### MATERIAL PROVIDED

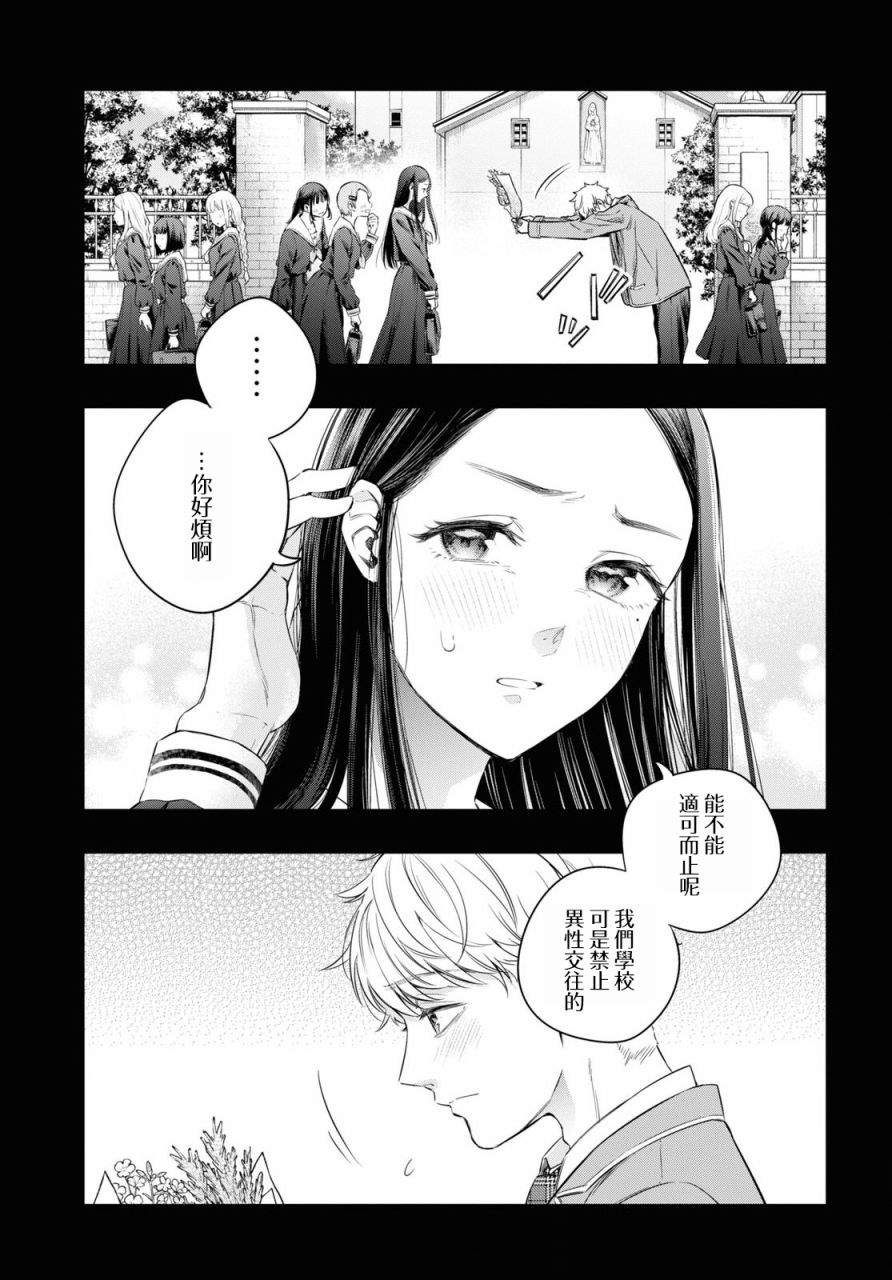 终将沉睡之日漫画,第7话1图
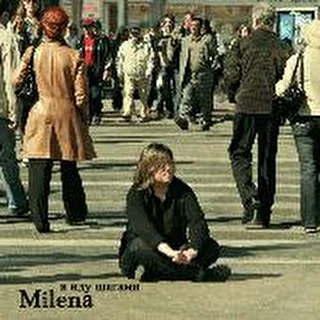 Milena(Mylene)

######
### MATERIAL PROVIDED

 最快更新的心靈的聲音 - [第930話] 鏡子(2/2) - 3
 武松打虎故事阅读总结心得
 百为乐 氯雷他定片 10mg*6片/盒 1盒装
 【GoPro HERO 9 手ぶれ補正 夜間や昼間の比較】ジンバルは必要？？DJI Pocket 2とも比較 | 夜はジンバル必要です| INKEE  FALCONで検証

######
### MATERIAL PROVIDED

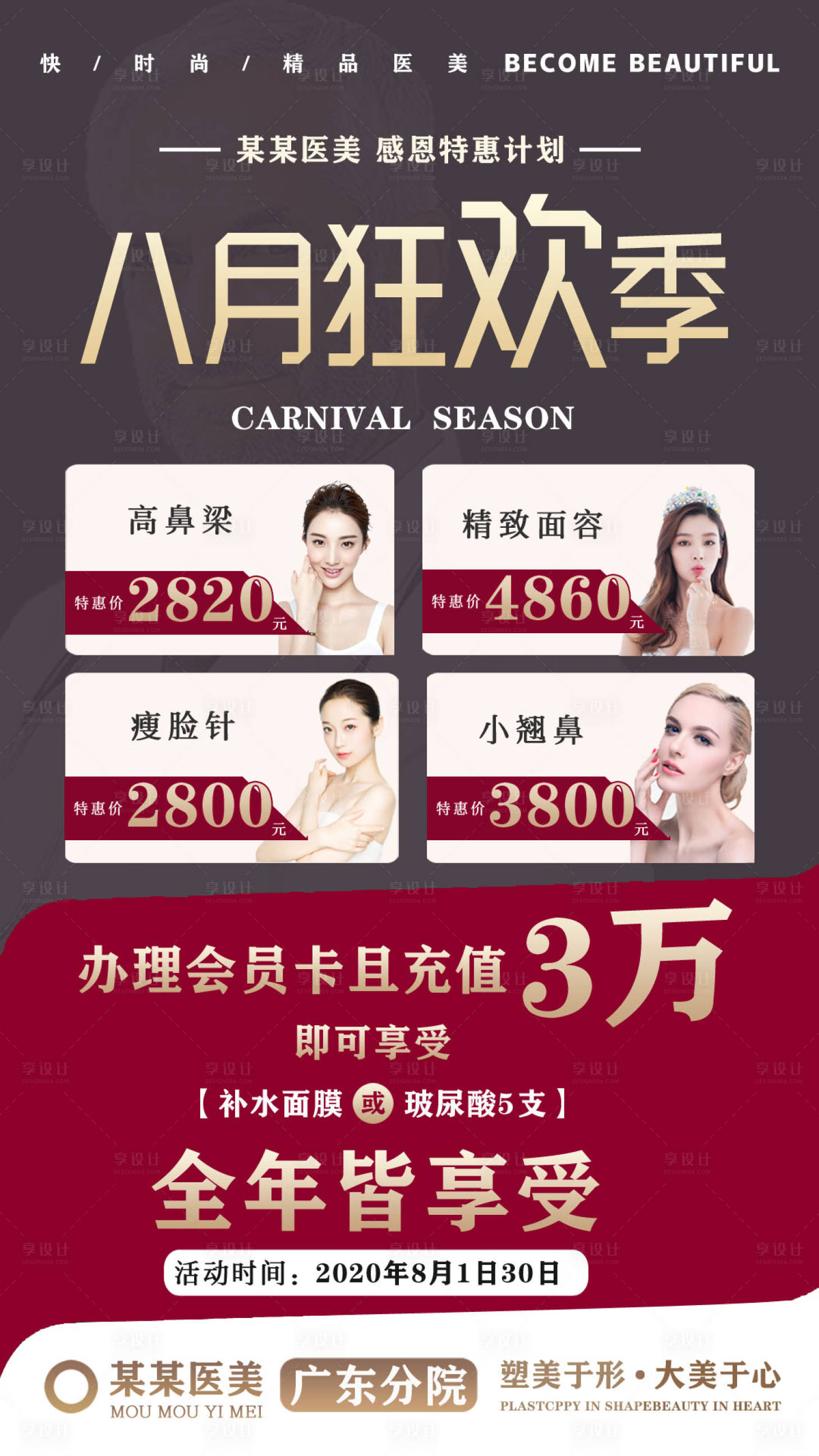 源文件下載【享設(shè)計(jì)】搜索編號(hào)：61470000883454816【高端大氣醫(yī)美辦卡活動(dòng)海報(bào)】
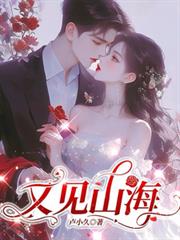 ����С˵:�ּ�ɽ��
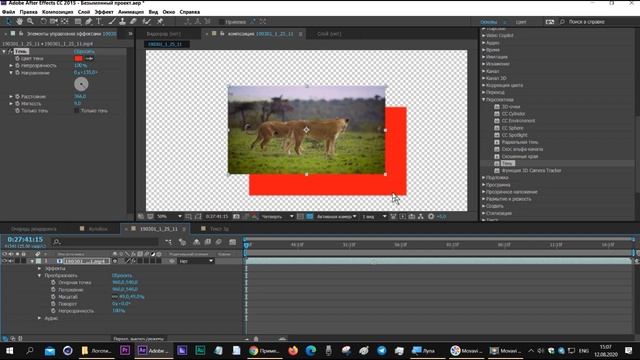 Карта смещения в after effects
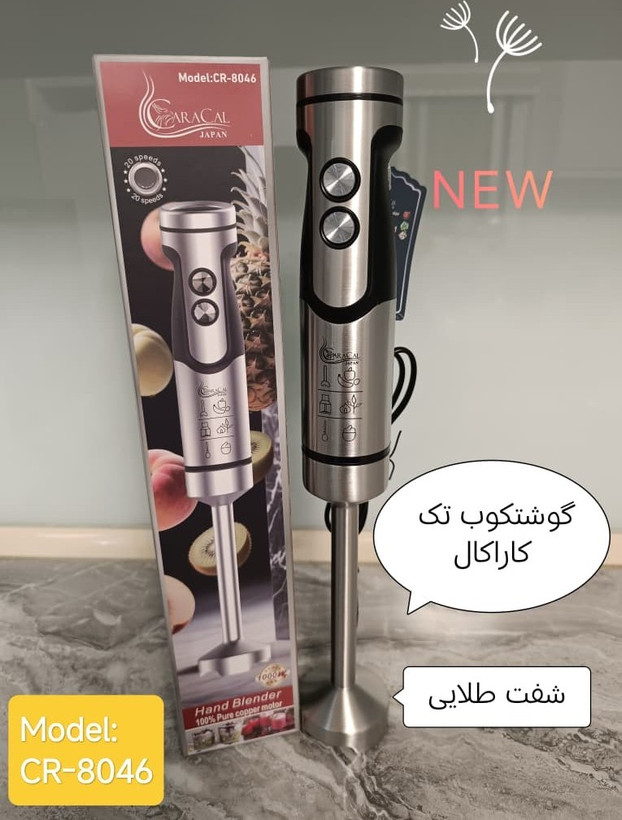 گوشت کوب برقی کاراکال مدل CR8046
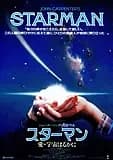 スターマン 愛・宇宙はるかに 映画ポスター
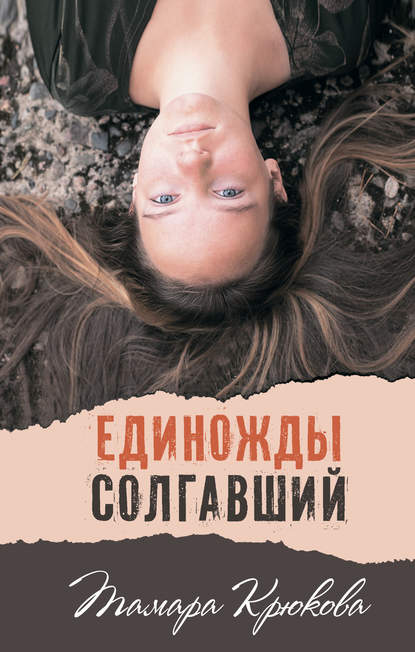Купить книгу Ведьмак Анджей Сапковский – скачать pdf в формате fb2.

######

-- EXERCISE --
Above are records with pictures. Reproduce exactly only the lines from the line with "گوشت کوب برقی کاراکال مدل CR8046" through the line with "Купить книгу Ведьмак", both ends included, and leave the pictures out.

-- RESULT --
 گوشت کوب برقی کاراکال مدل CR8046
 スターマン 愛・宇宙はるかに 映画ポスター
Купить книгу Ведьмак Анджей Сапковский – скачать pdf в формате fb2.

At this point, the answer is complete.